California and Arizona are odd cases because so much of their population was foreign born when they created their anti-immigration laws; but there is a good argument for excluding them from the anti-immigration list because they were the trend setters.  California really pioneered the anti-immigration state law through Proposition 187 (it was certainly viewed that way by the public) in 1994.  There was a higher fixed cost for Californians to develop the concept of an anti-immigration state law so it likely would have taken more of a public outrage to spur that bit of legislative innovation.  The case is similar for Arizona and their anti-immigration laws in 2008 and 2010.  After Californians and Arizonans developed the framework for opposing immigration on the state level, the marginal costs of other states copying anti-immigration laws were smaller, making it easier for others to adopt such laws – which is exactly what happened.  Arizona also developed the anti-driver license idea for DACA recipients.

Excluding California and Arizona from that already short list lowers the average immigrant population of anti-immigrant states to 7.4 percent – almost half of the pro-immigration states – and the standard deviation to just 2.9 percent.  Just eyeballing it, there might be a Kuznets curve for immigration restriction with the percent of a state’s population that is immigrant on the X-axis and support for immigration restrictions on the Y-axis.  A state needs some immigrants to pass anti-immigrant laws, but after the immigrant population grows past a point, pro-immigration laws are instead passed.  Getting to the far side of that curve makes further immigration restrictions very difficult to impossible.

This brings us back to Switzerland.       

Although 27.3 percent of Switzerland’s population is foreign born, far fewer than that can vote.  Switzerland also doesn’t have birthright citizenship, so the number of second-generation Swiss who could vote against restrictions was likely small.
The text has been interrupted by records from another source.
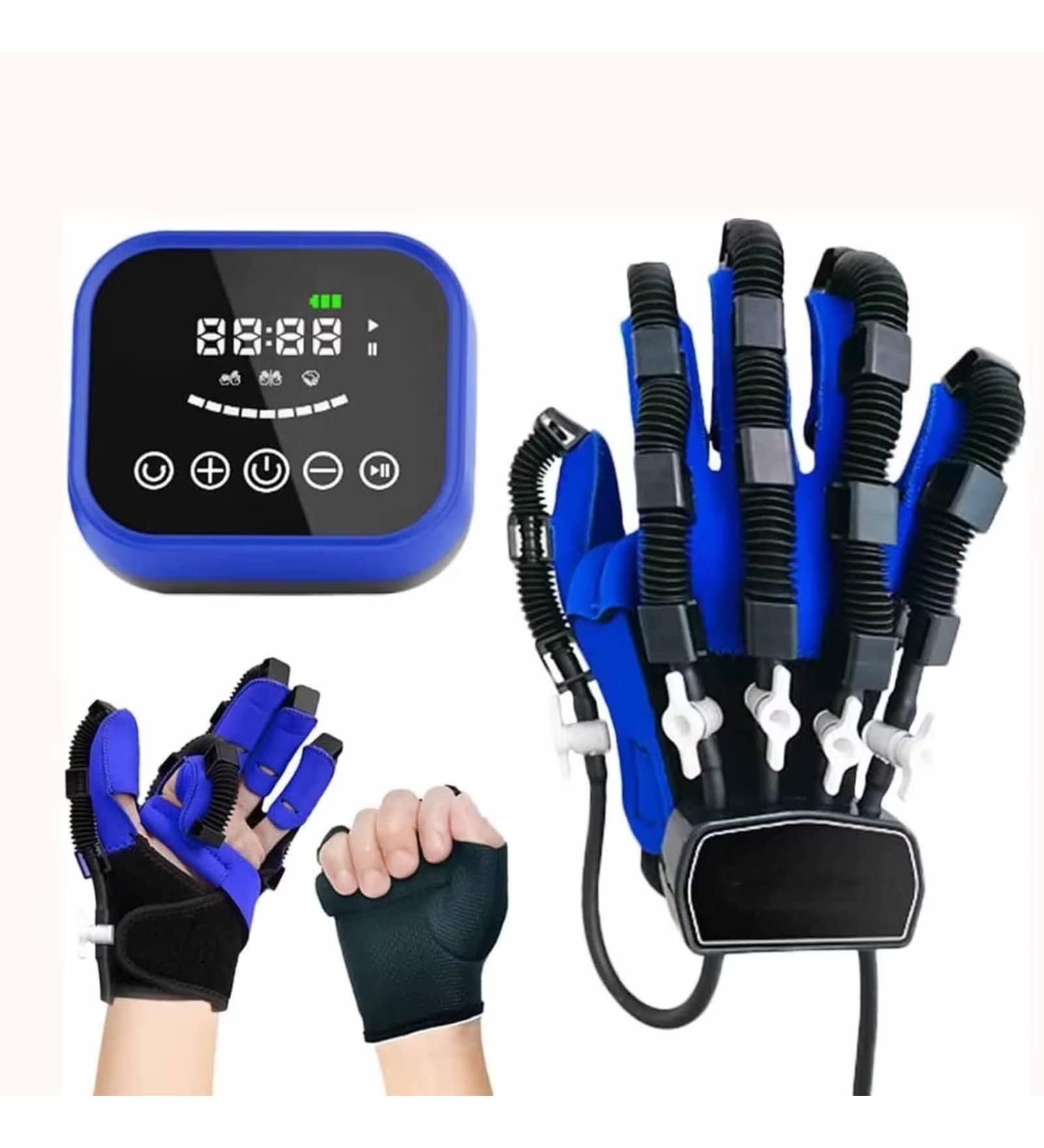 Wakbalxc Hemiplegia Finger Rehabilitation Trainer Robot Gloves - Large Right Hand - Buy Online on GoSupps.com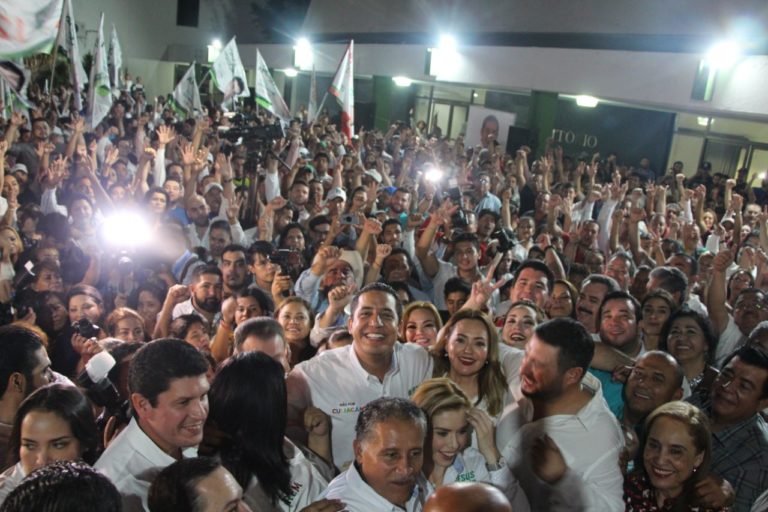 Arrancan campañas locales en Sinaloa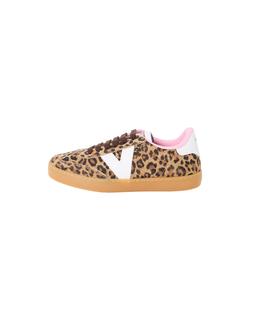 Oliver Bonas Victoria Berlin Serraje Leopardo Trainers £109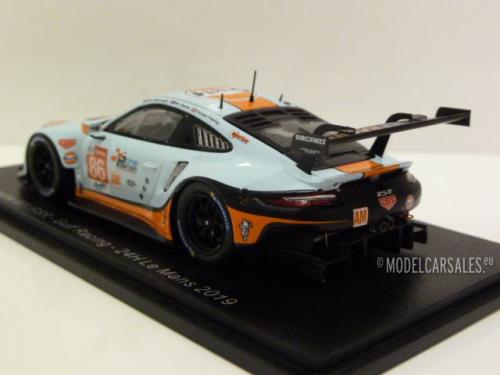 Porsche 911 (991) RSR 4.0L Flat Six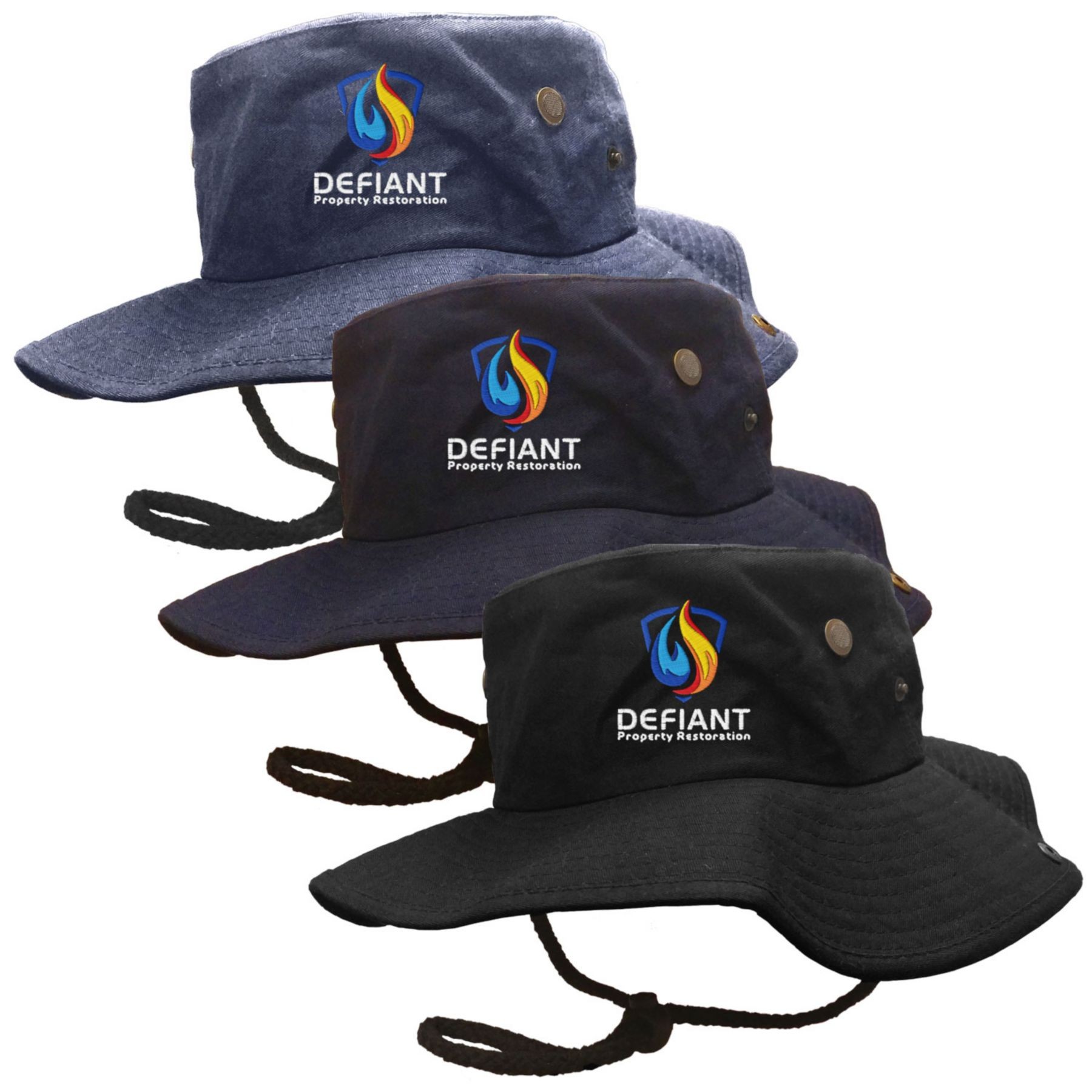 Picture of Bucket Hat - Embroidered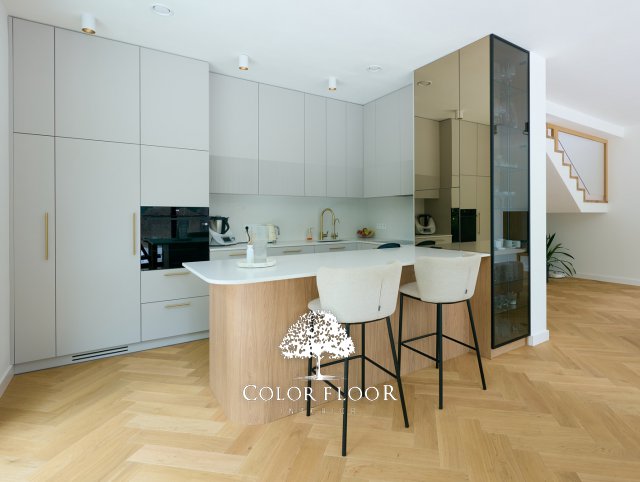 Jodła Klasyczna Dąb Alabaster kl. Standard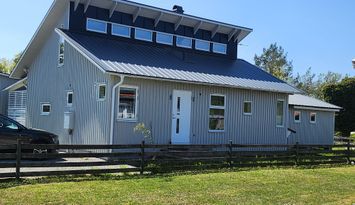 Modernes funktionales Haus in Byxelkrok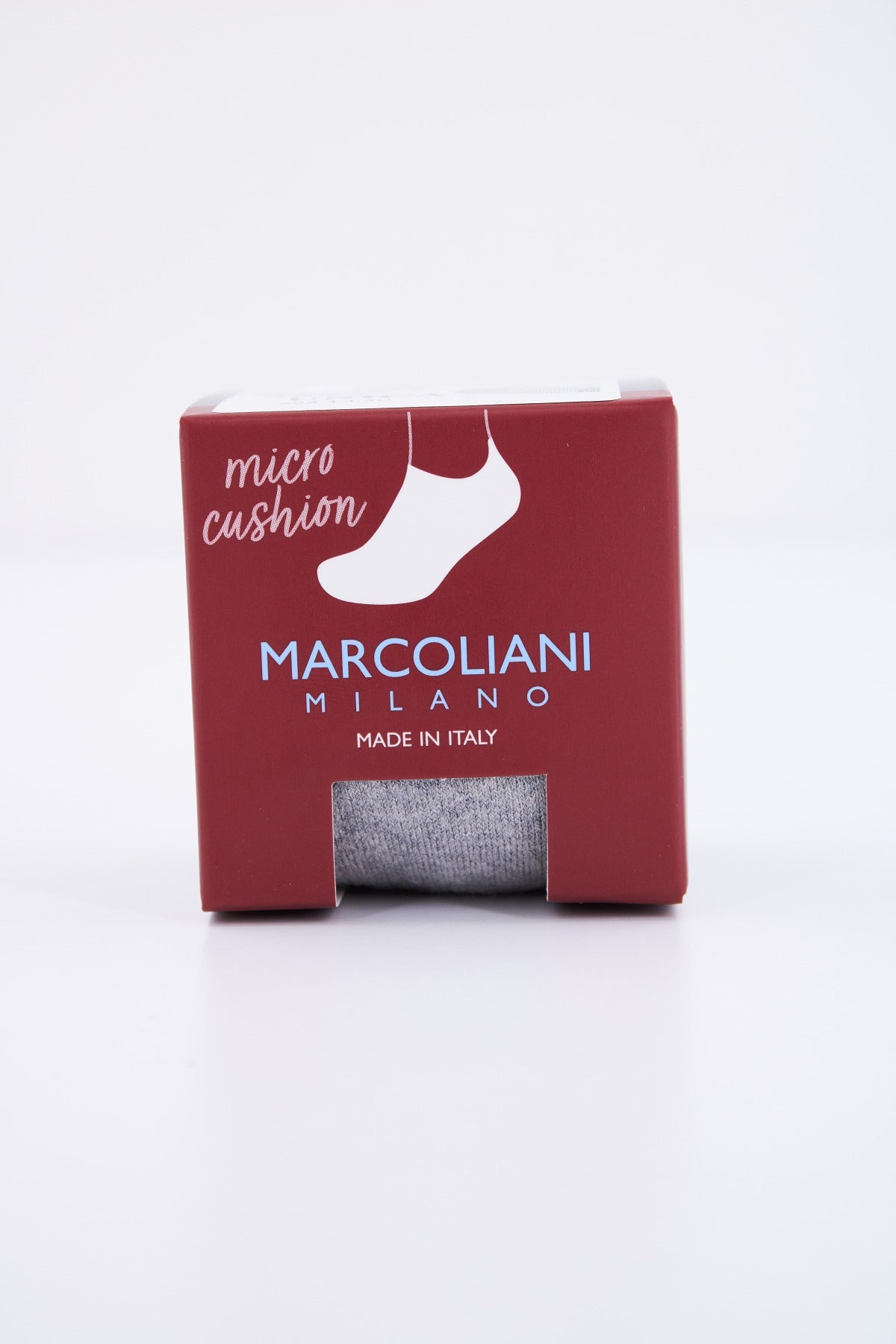 MARCOLIANI MARK en color GRIS (3)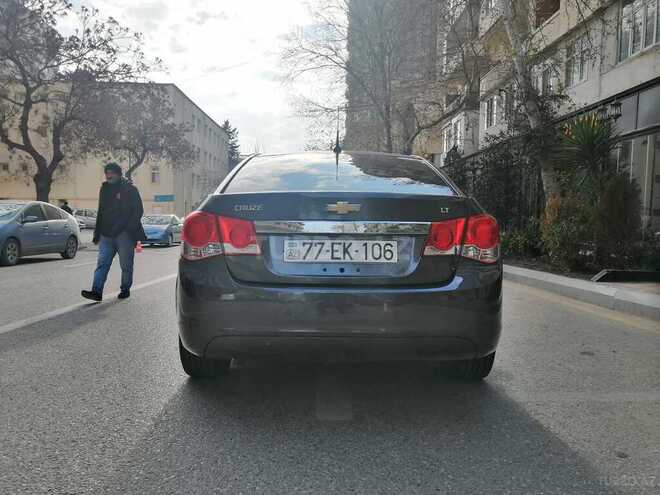 Chevrolet Cruze 2010, 192,000 km - 1.4 l - Bakı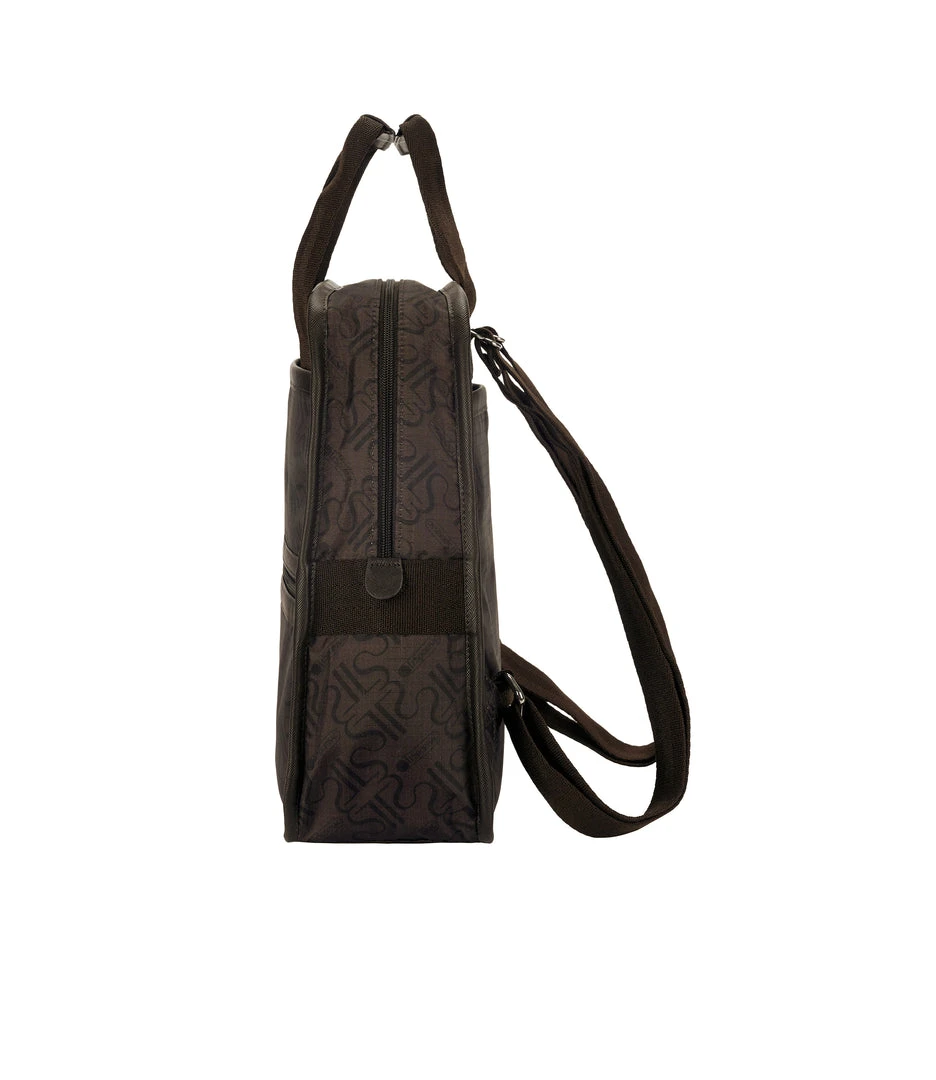 LeSportsac Luxe Trim Marie Backpack Backpacks 6 LeSportsac Luxe Trim Marie Backpack Backpacks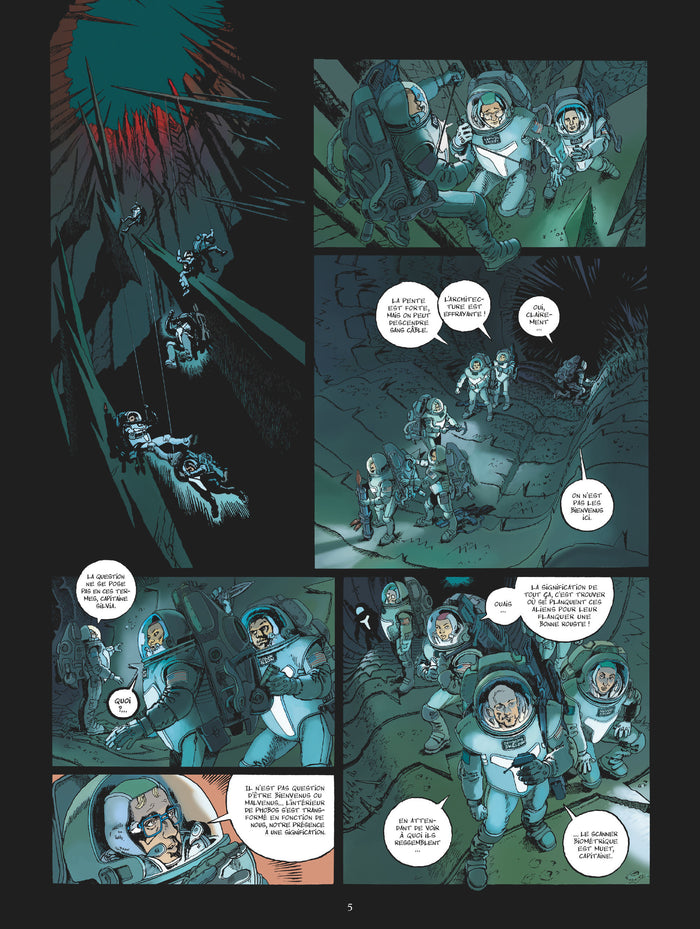 Labyrinthus - Tome 02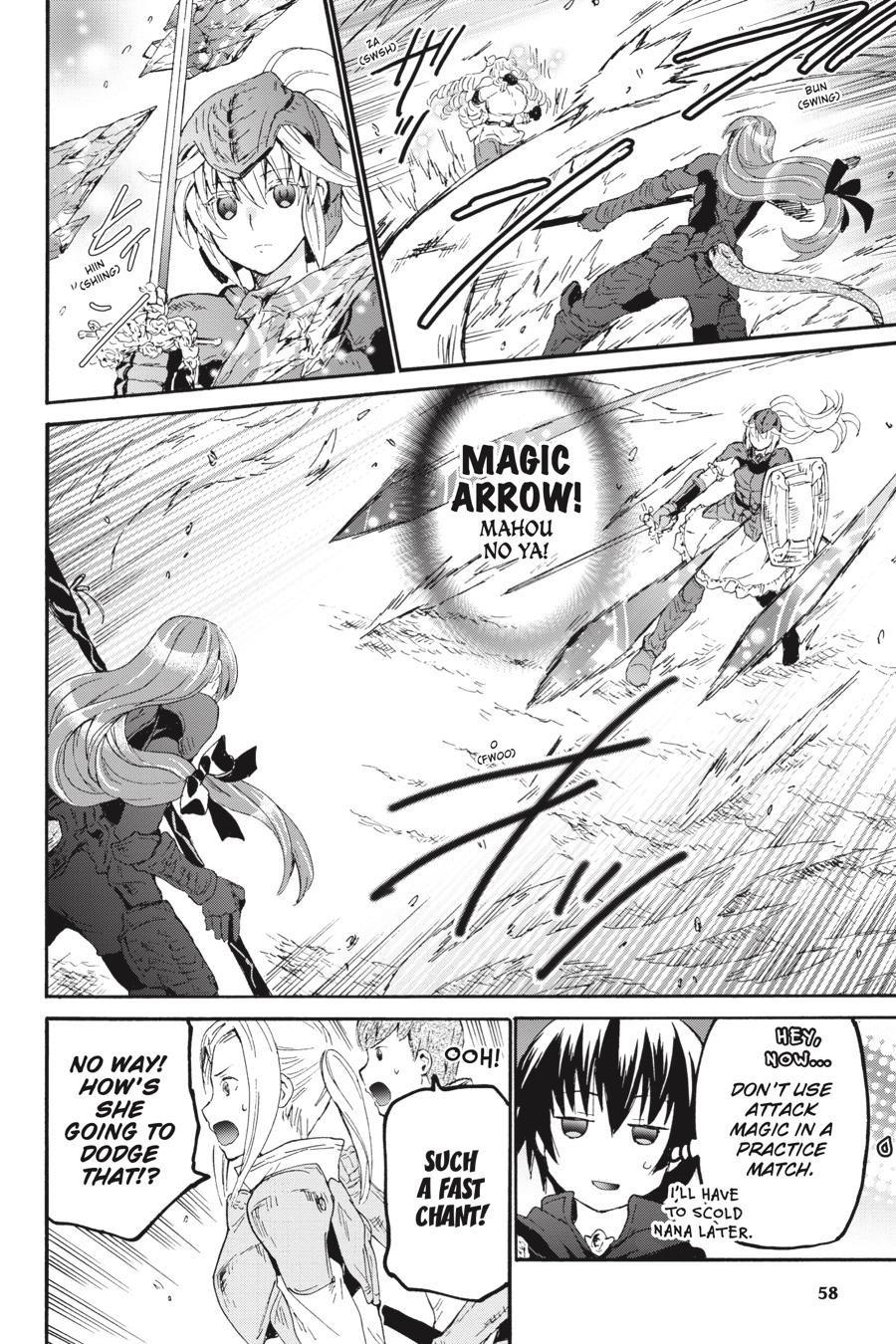 Read Death March to the Parallel World Rhapsody Manga Online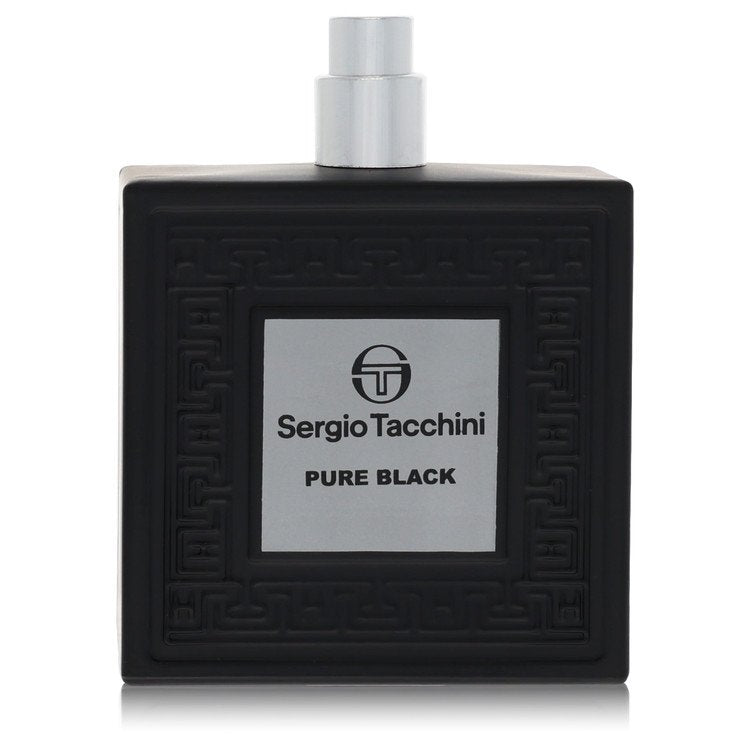 Sergio Tacchini Pure Black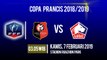 Jadwal Live Copa Prancis Rennes Vs Lille, Kamis Pukul 03.05 WIB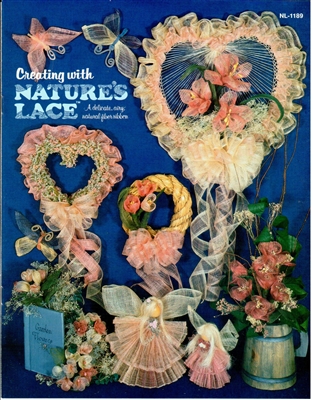 Creating with Nature's Lace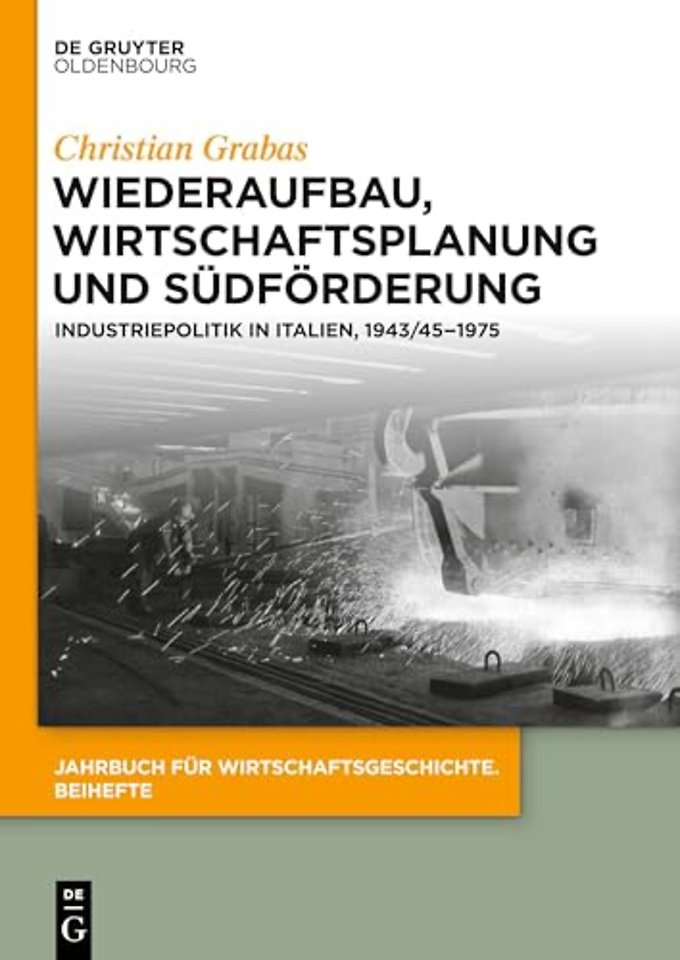Wiederaufbau, Wirtschaftsplanung Und Sudforderung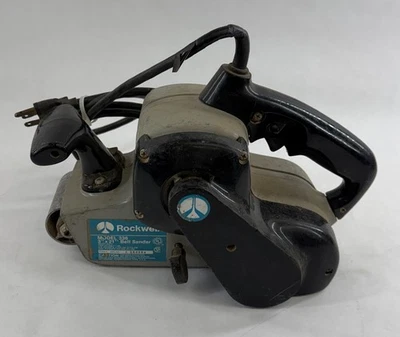 Rockwell 336 3" x 21" Belt Sander Heavy Duty 120V 7A Type 1 (6927) - Image 1 of 4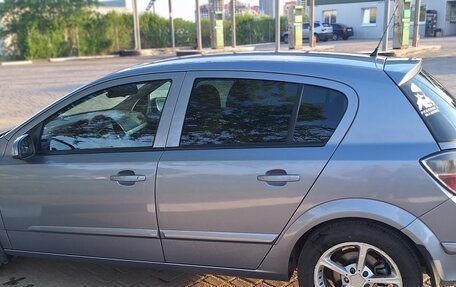 Opel Astra H, 2007 год, 670 000 рублей, 3 фотография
This could also explain why despite Switzerland having a relatively high percentage of its population foreign born, it was able to pass anti-immigration laws like American states with low immigrant populations did.

This is not enough data to support my theory in the United States, but it is a starting point.  To avoid some of the worst anti-immigration laws, it seems that the immigrant population only has to literally outgrow them.